Thanks to lockdown boredom, job uncertainty and a rise in the need to make money from home, fraudsters have used the pandemic to take advantage of new investors.

Figures released by the City of London Police show that more than £63m was lost by victims of investment fraud during the pandemic.

Over a 12-month period, 5,039 reports of investment fraud referred to social media platforms. Some victims say they were approached directly by an investment fraudster while others saw adverts on social media.

So, what can you do to protect yourself?

Avoid making decisions on a whim

Scammers will often use aggressive sales tactics to pressure people into making a quick decision.

If you’re a cryptocurrency beginner, they might also use your lack of knowledge against you.

Fraudsters might even encourage you to part with your money that day, saying that you’ll miss out on an opportunity if you don’t act fast.

Big financial decisions should never be made on a whim, so don’t be afraid to say: “I just need to talk this through with my partner” or “I’m going to think about it for a few days before making a decision.”

If the person encouraging you to invest in cryptocurrency continues to pressure you, hang up the phone, close the browser or block their account on social media.

Talking about the interaction with a partner or friend could help you make sense of what happened and put your mind at ease.

Legitimate cryptocurrency platforms are unlikely to approach potential investors directly, so be wary of cold calls or unsolicited messages on social media.

For every overnight millionaire, there will be many people who have walked away with less than they put in

If it sounds too good to be true, it usually is

Scammers may talk about the highs without warning you of the lows.

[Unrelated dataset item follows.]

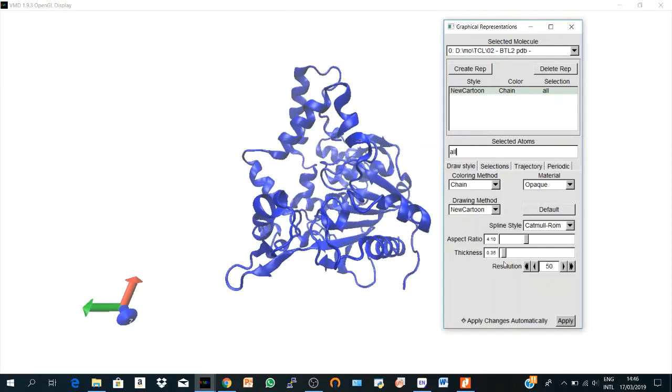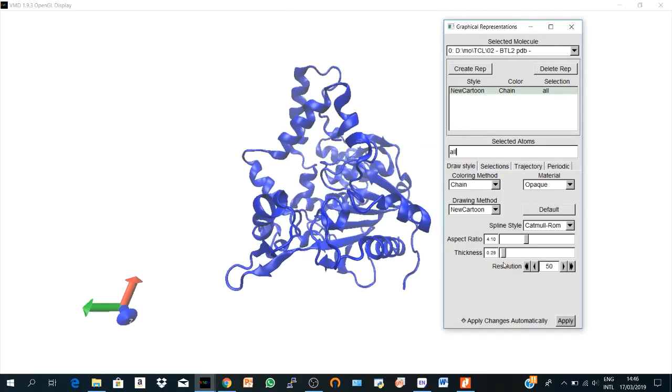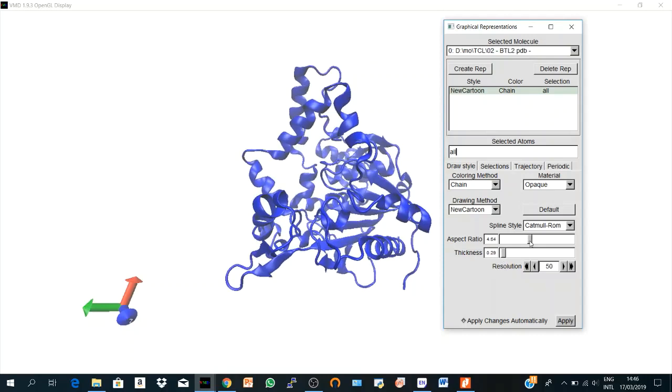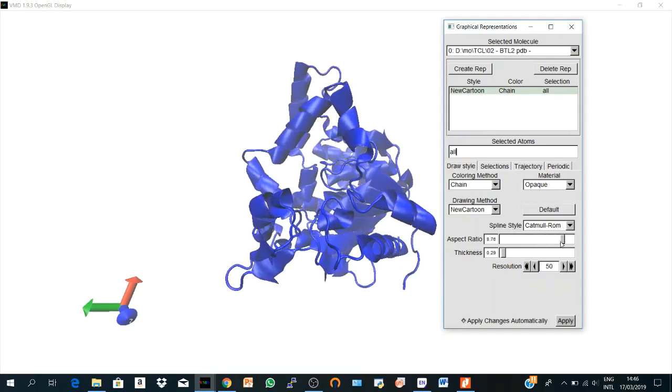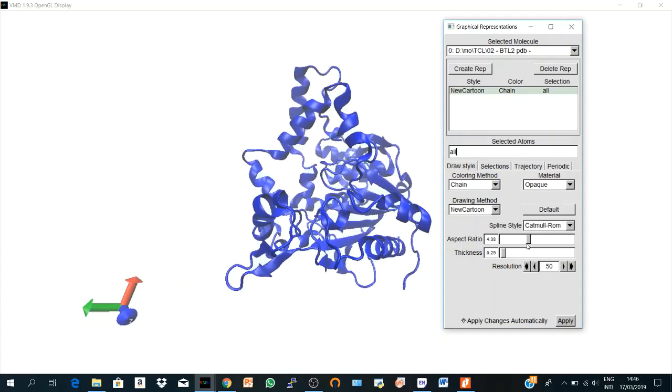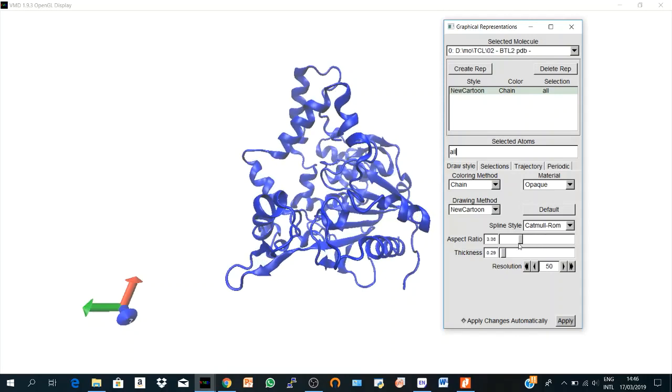So I think 35 is okay. Here is the aspect ratio. You see if I increase it, so it should also be somehow adjusted.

They might share overnight success stories from people who bought a few coins and quickly became millionaires but they’re unlikely to tell you the horror stories of people who invested their life savings only to lose everything.

If it sounds too good to be true, it usually is.

For every overnight millionaire, there will be many people who have walked away with less than they put in.

Have a solid safety net

Make sure you have a solid emergency fund before buying any cryptocurrencies.

If your cryptocurrencies were to fall in value and you needed the money, a lack of savings could cause financial uncertainty and stress.

A three-to-six-month emergency fund can be a great starting point, but you might want to save more than this - particularly if you have kids, an unpredictable income or you work in an industry that’s been heavily affected by the pandemic.

Make cryptocurrency a very small part of your investment portfolio

If you’re a crypto newbie, it may be wise to focus on more traditional investments and spend just 1-5% of your designated investing money on crypto.

By approaching it with caution and spreading your money across several investments, you can dip your toes in the water without taking on too much risk while you’re still learning.

For some people, investing in the stock market by purchasing index funds and exchange-traded funds (ETFs) is likely to be a much safer alternative.

Seek professional advice

If you’re wondering whether cryptocurrency is a good investment and you’d like to learn about the alternatives, get independent advice from a financial adviser. They’ll look at your financial situation, your goals and your attitude to risk before helping you decide which investments are right for you.

The information in this article is not to be taken as financial advice. Before making any financial decisions always do your research or speak to a financial adviser.

3 things to do
right now

1

Seek financial advice before making large investments – If you’re planning on investing a large amount of money in a certain asset, it’s wise to seek independent financial advice first.

2

Save an emergency fund – An emergency fund can make you a better investor. You’ll protect yourself from financial uncertainty, reduce the likelihood of panic-selling at a loss and make it easier to grow your investments over the long term.

3

Be wary of those who approach you on social media – Whether you receive cold calls over the phone or messages from someone on social media promising you a ‘great investment opportunity’, take their advice with a pinch of salt. Scams are rife in this industry.